Il pompiere dei liberali Jim Messina arriva a salvare pure Rajoy
Roma. Jim Messina avrà per sempre stampigliata una dicitura tipo “guru di Obama” o “mago della comunicazione di Obama” di fianco al suo nome. Messina è lo stratega politico che ha dato un contributo fondamentale alle vittorie del presidente americano nel 2008 e nel 2012, ha fatto parte dell’Amministrazione fino al 2011, ed è normale essere ricordati per il proprio maggior successo. Ma da qualche anno a questa parte Messina, da creatore del mito obamiano, sta assumendo un nuovo ruolo fuori dagli Stati Uniti, e specie nel Vecchio continente, quello di pompiere dei conservatori e liberali in difficoltà elettorale. Prima c’è stato il premier inglese David Cameron, che ha assoldato Messina nell’agosto 2013 e anche grazie ai suoi consigli ha sbaragliato le previsioni dei sondaggi alle elezioni del maggio dell’anno scorso, ottenendo una vittoria straordinaria e inaspettata, e che adesso si avvale della sua consulenza nella campagna per il referendum sulla Brexit. Poi Matteo Renzi, che ha assoldato lo stratega americano a gennaio in vista del referendum elettorale. Infine Mauricio Macri, il presidente argentino che ha sconfitto Cristina Kirchner alle elezioni di dicembre 2015 e ha dato nuove speranze a tutti i liberali dell’America latina. Macri ha assunto Messina lo scorso aprile, con il compito di affinare la comunicazione della Casa Rosada.
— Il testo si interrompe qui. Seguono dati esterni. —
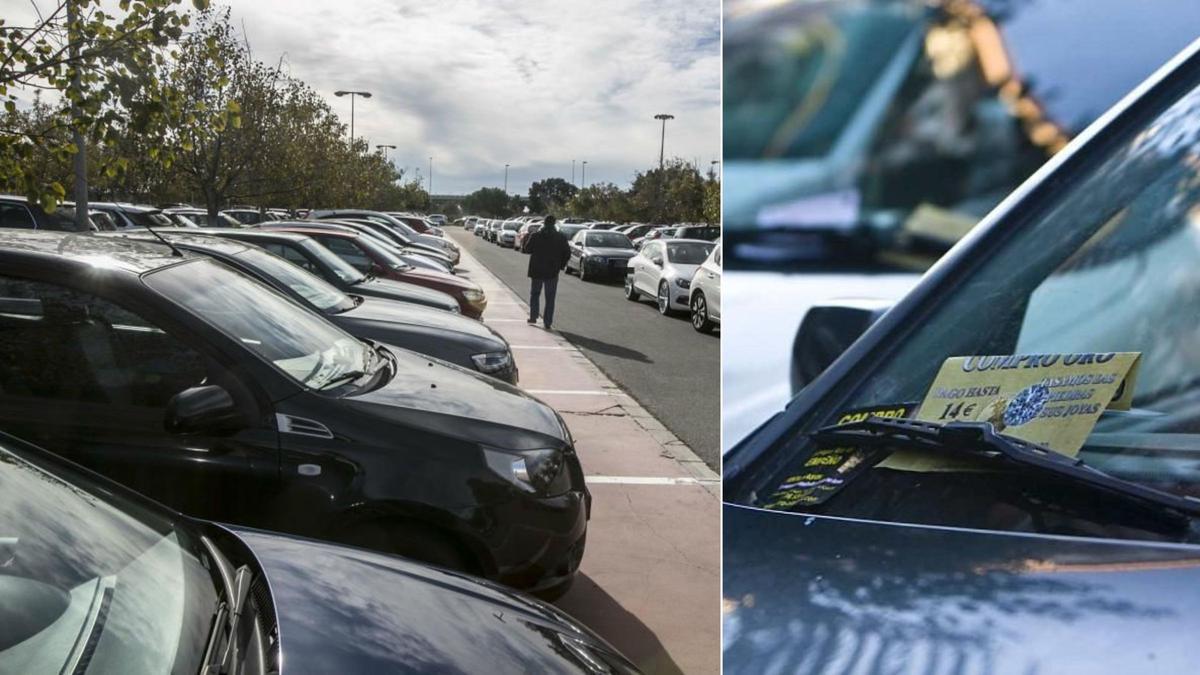 Varios coches aparcados en la UA, junto a un folleto publicitario en el limpiaparabrisas de un coche estacionado en Alicante en respectivas imágenes de archivo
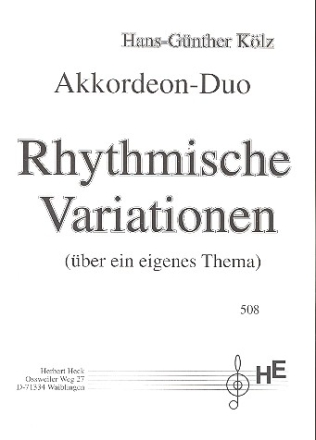 Rhythmische Variationen ber ein eigenes Thema fr 2 Akkordeons Spielpartitur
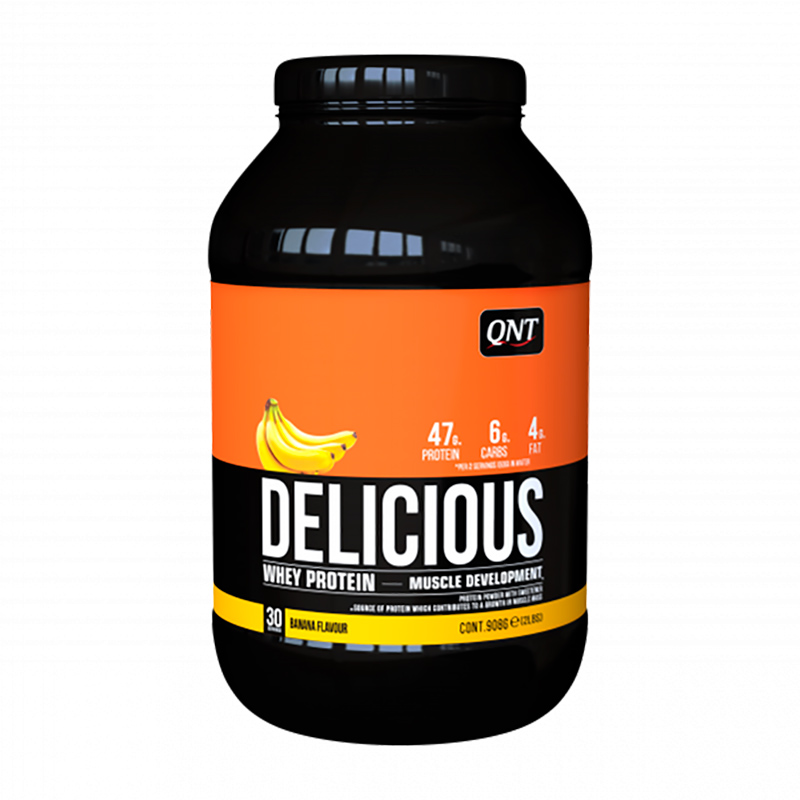 фото Протеин qnt delicious whey protein 908 г, вкус: банан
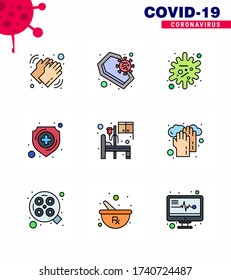 9 Filled Line Flat Color Corona Virus pandemic vector illustrations shield; healthcare; infection; protection; epidemic viral coronavirus 2019-nov disease Vector Design Elements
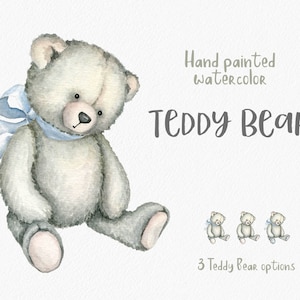 Imágenes prediseñadas de acuarela de oso de peluche. Juguete de osito de peluche vintage. Imágenes prediseñadas de juguete de Navidad de acuarela. Imágenes prediseñadas de baby shower. Digital. PNG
Dove passa Messina le probabilità di successo per i candidati da lui consigliati si alzano considerevolmente, ma la prossima sfida potrebbe essere tra le più difficili. Secondo il giornale digitale Sabemos, ripreso da Politico.eu, Messina è stato ingaggiato dal Partito popolare spagnolo di Mariano Rajoy con l’obiettivo di risollevare la campagna elettorale per le elezioni del 26 giugno. I primi contatti erano avvenuti lo scorso ottobre, quando Messina si era incontrato con il capo della campagna elettorale di Rajoy, Jorge Moragas, ma adesso sembra che il contratto sia stato siglato. Messina si dividerà tra Londra e Madrid, e un suo uomo sarà integrato a tempo pieno nella squadra di Moragas. Il suo ruolo, scrive Sabemos, sarà incentrato sulla comunicazione online e sul targeting, la confezione di messaggi politici studiati per ciascun segmento di elettorato.
Sulla carta, la sfida spagnola di Jim Messina non è impossibile: la vittoria inglese di Cameron, per esempio, era arrivata dopo una lunga e faticosa rimonta. Rajoy, invece, è stabilmente primo nei sondaggi. Il Pp ha circa il 29-30 per cento dei consensi, con un distacco ragguardevole dai principali avversari, siano essi gli antisistema di Podemos o i socialisti del Psoe, che viaggiano tra il 25 e il 20 per cento. Ma la frammentazione politica della Spagna, che vive un inedito quadripartitismo (ai partiti sopracitati vanno aggiunti i centristi di Ciudadanos) ha già reso impossibile dopo le elezioni dello scorso 20 dicembre la formazione di una coalizione, e il quadro politico è bloccato sugli stessi numeri da così tanto tempo che sembra che nessuna strategia comunicativa, per quanto geniale, possa smuoverlo.
Soprattutto, a Messina manca la materia prima. Facile lavorare con uno dei più grandi oratori degli ultimi decenni – senza contare che anche Cameron, Renzi e Macri sono leader di notevole carisma. Rajoy, invece, è un grigio burocrate che pensa e parla come un grigio burocrate. Efficiente, a tal punto da aver risanato la situazione disperata dell’economia spagnola, portandola alla maggior crescita di tutta l’Europa continentale, ma privo di ispirazione. Buona parte della sua campagna elettorale è incentrata sulla conquista del voto nelle province (le grandi città sono ormai appaltate ai partiti-novità Podemos e Ciudadanos), e per questo il leader spagnolo sta girando di paesino in paesino per mostrarsi vicino agli elettori. Ma ogni comizio, così come ogni comparsata in tv, è la riconferma che Rajoy è quanto di più lontano possibile da un “politico naturale”, come dicono gli americani. Da qui al 26 giugno, Messina ha poco tempo e scarso margine di manovra.